Until last month, I didn’t like roller coasters. It’s actually a bit of an understatement to say that I didn’t like them. More accurately, I was terrified of them. Absolutely petrified. I could do little ones like Big Thunder Mountain Railroad at Disneyland. There are no drops and it’s pretty tame. But anything bigger was too much. The feeling of falling sent me into a panic and it actually felt like I was in a nightmare.
I think this had a lot to do with a loss of control. When you grow up with no security and no feeling of safety, you tend to try to create safety in any way you can. At least I did. I wrote out schedules for myself for summer vacation as soon as I could write, because it made me feel safer. And I certainly stayed away from roller coasters.
But in May, I got tricked into going on my first real roller coaster.
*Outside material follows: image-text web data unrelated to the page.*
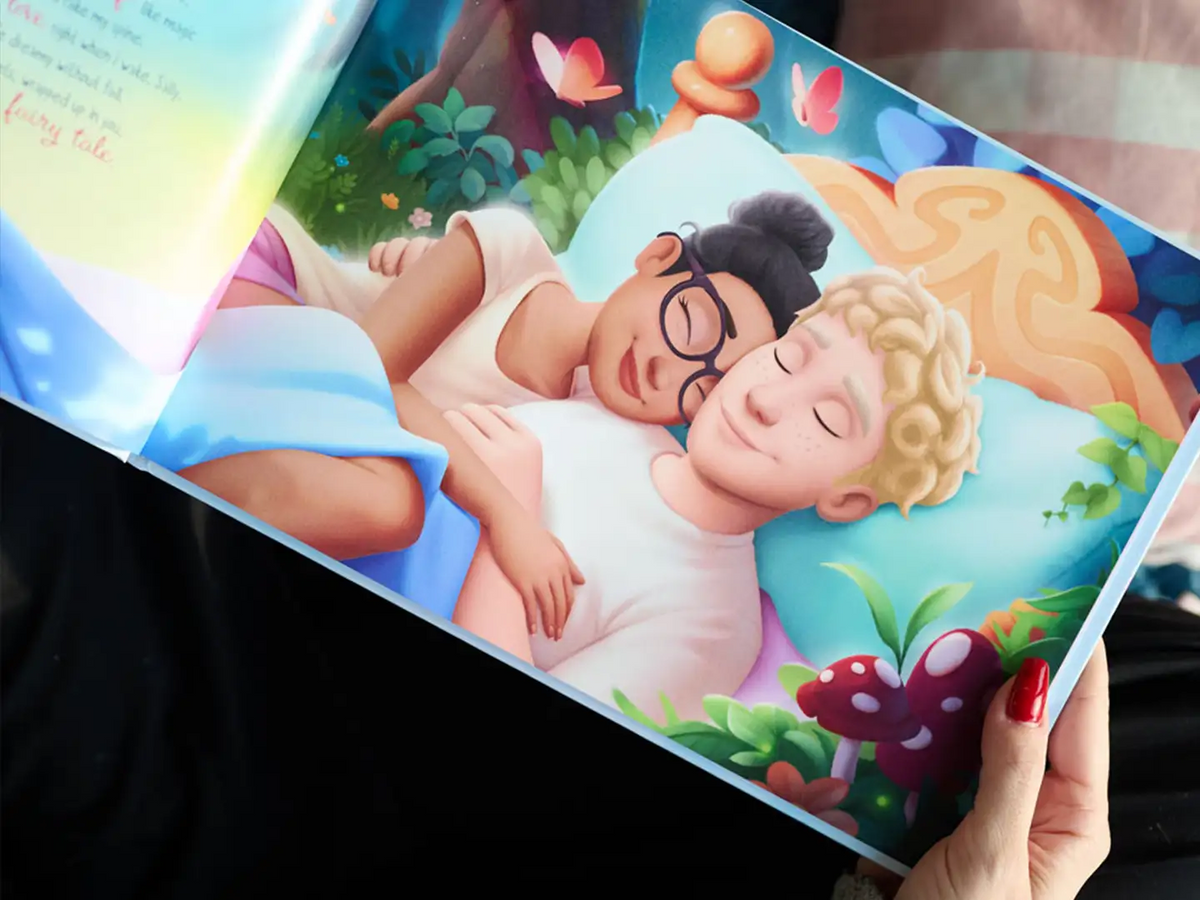 Ein Blick in das personalisierte Liebesbuch mit einer Illustration eines kuschelnden Paares – ein besonderes Andenken für unvergessliche Momente.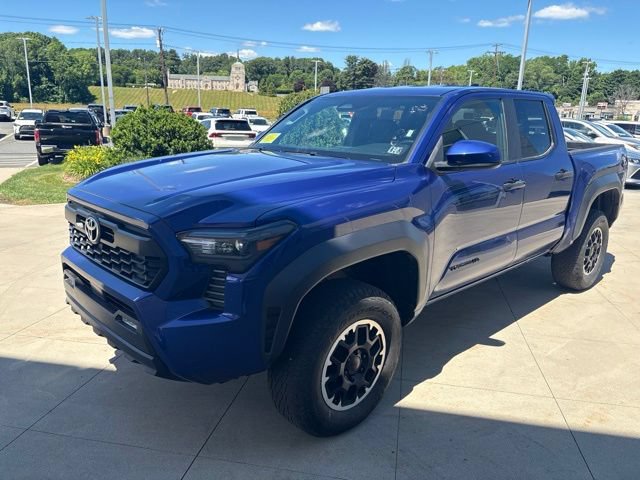 Used 2024 Toyota Tacoma TRD Off-Road AWD/4WD image 3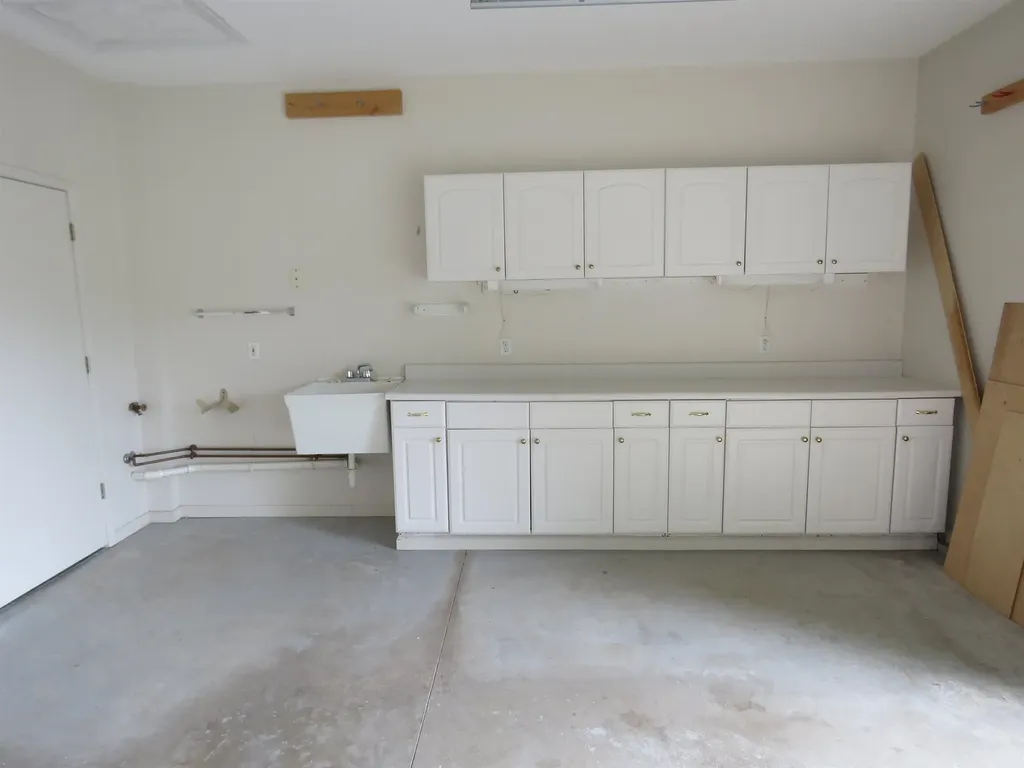 236 Greenview Circle Cadillac City MI 49601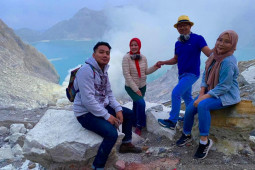 Ridwan Kamil bersama keluarga terpesona keindahan api biru Kawah Ijen Banyuwangi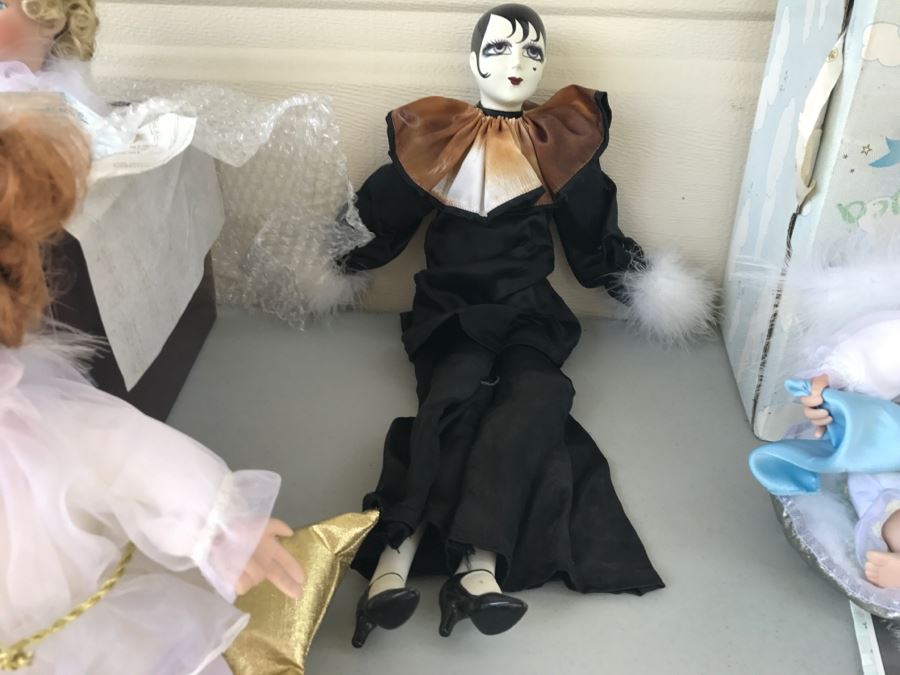 Collection Of 4 Dolls - 3 Dolls Are Ashton-Drake Galleries Dolls [Photo 7]
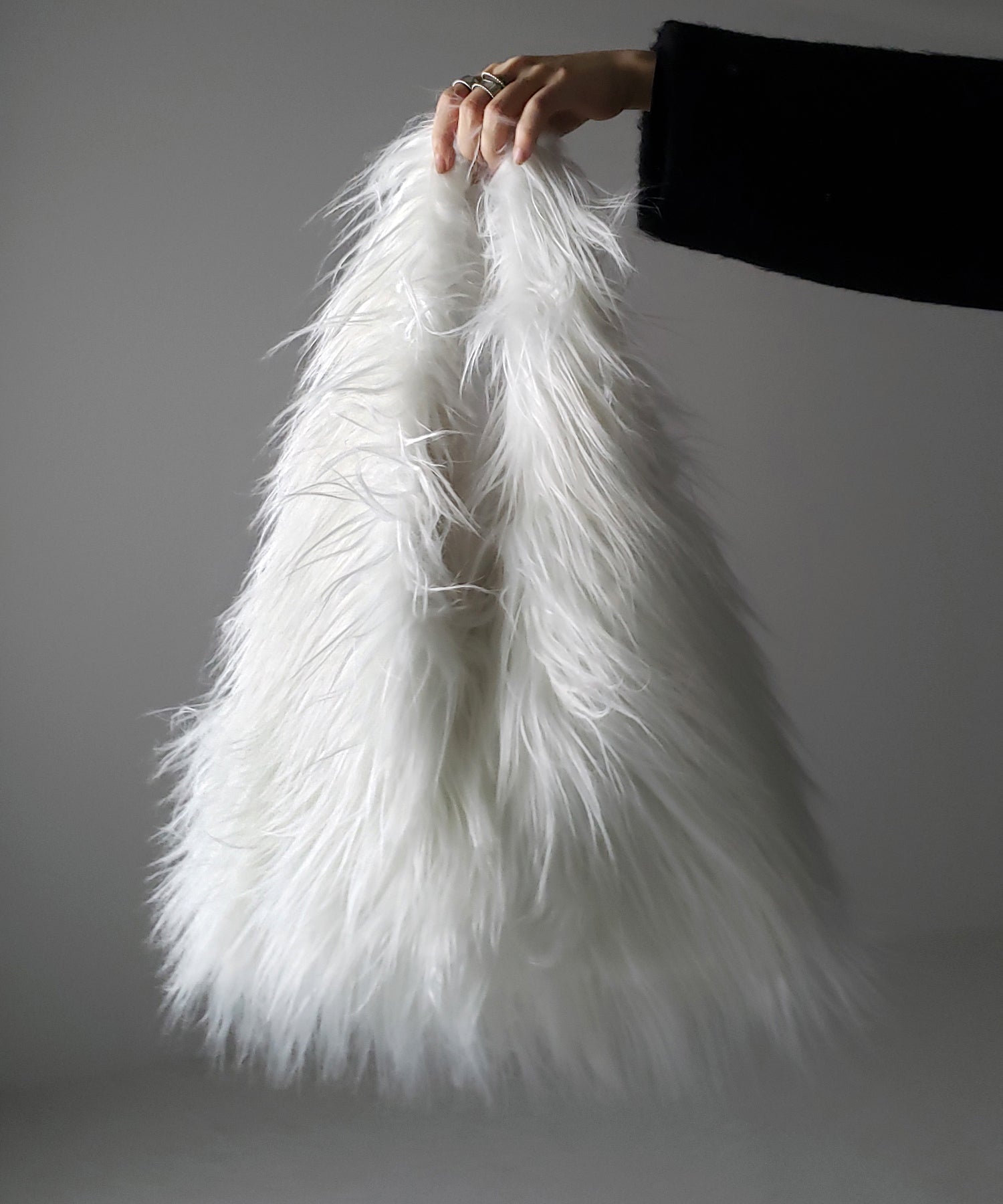 【 5color 】シャギーファーワンハンドルショルダーバッグ / shaggy fur onehandle shoulder bag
Not tricked, exactly, because people have tried the same tactics on me many times before and I would never budge. But this time I was ready. I was terrified, but I was ready. I screamed the whole time, I think I yelled about how I wanted to get off and I hated it, and I kept my eyes closed. But I loved it. And I went again. And I’ve been on other roller coasters since.
Somehow, the terrifying aspect of it changed and began to feel freeing. I don’t know why this would be. I could see how something terrifying could become exhilarating, or addicting – and those two things are also true – but it felt freeing. The fear was still there, but it was manageable and didn’t rule me any more. I felt like I could fly.